The lastest quarterly data for industrial and manufacturing production in South Africa points to a much weaker performance for the economy in the third quarter of the year – with business sentiment across most sectors not showing signs of significant improvement.
Industrial production contracted by 1.2% in Q3.23 qqsa (quarter-on-quarter, seasonally adjusted), with the sector contributing 19.7% to GDP in real terms.
This sector consists of manufacturing, mining and electricity production.
According to Investec chief economist Annabel Bishop, the contraction will have a large impact on the country’s third-quarter GDP outcome, and is comparable to the GDP headline figure.
The construction sector, making up the secondary sector of GDP with electricity and manufacturing, saw building completions contract 20.8% qqsa, while manufacturing production contracted by 1.2% qqsa and electricity production rose by 0.3% qqsa.
“On a year on year basis, manufacturing production fell by a hefty 4.3%, as base effects from the KwaZulu Natal floods, which had been artificially boosting the growth rate from April through to August, came out of the system,” she said.
“All of these are in real – adjusted for inflation – terms.”
The primary sector of GDP consists of mining and agricultural production, with the former contracting in Q3.23 by 1.5% qqsa, with mining weighted at 35% in the industrial production index.
While aggregated data is not available yet for the agricultural sector, wheat production is reported to have seen a very good harvest, up on the previous season, Bishop said – although overall, the sector is very volatile and only contributes 3.2% to GDP.
In the tertiary sector, the third quarter saw wholesale trade sales contract by 0.6% qqsa, vehicle sales fell by 1.9% q/q, while retail trade sales rose by 0.8% qqsa.
“This will lessen, but by no means on its own eradicate, some of the effect of the contractions,” the economist noted.
Sentiment is not good
Also in the tertiary sector, the Bureau for Economic Research’s other services sector (hotels, restaurants, transport, real estate and business services) survey found less than half of the respondents expressed satisfaction with the prevailing business conditions in the third quarter.
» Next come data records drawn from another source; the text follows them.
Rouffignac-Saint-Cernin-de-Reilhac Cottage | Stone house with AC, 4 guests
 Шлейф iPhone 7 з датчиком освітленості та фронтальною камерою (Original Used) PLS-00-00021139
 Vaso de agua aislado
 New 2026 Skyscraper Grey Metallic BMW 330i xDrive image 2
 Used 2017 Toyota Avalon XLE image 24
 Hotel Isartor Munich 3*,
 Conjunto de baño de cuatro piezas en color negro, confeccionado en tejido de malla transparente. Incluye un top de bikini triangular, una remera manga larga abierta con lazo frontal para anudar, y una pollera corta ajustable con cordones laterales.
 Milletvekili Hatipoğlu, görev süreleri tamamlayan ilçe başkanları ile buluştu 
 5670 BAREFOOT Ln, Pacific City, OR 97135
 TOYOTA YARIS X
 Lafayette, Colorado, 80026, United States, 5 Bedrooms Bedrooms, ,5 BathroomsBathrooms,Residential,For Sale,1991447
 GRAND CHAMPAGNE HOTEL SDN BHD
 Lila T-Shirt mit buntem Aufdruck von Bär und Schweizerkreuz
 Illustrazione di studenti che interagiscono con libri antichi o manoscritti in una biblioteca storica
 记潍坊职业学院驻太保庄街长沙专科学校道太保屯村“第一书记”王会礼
Tourism accommodation lifted 1.4% qqsa, with the survey’s other sectors seeing poorer performances.
Confidence in the real estate sector continued to drop, the civil construction industry also showed significant dissatisfaction, and building confidence remains weak, the economist noted.
“Overall, the data available for Q3 indicates poor performance for GDP overall, which is in line with our forecasts, and overall growth for 2023 of 0.5% y/y,” Bishop said.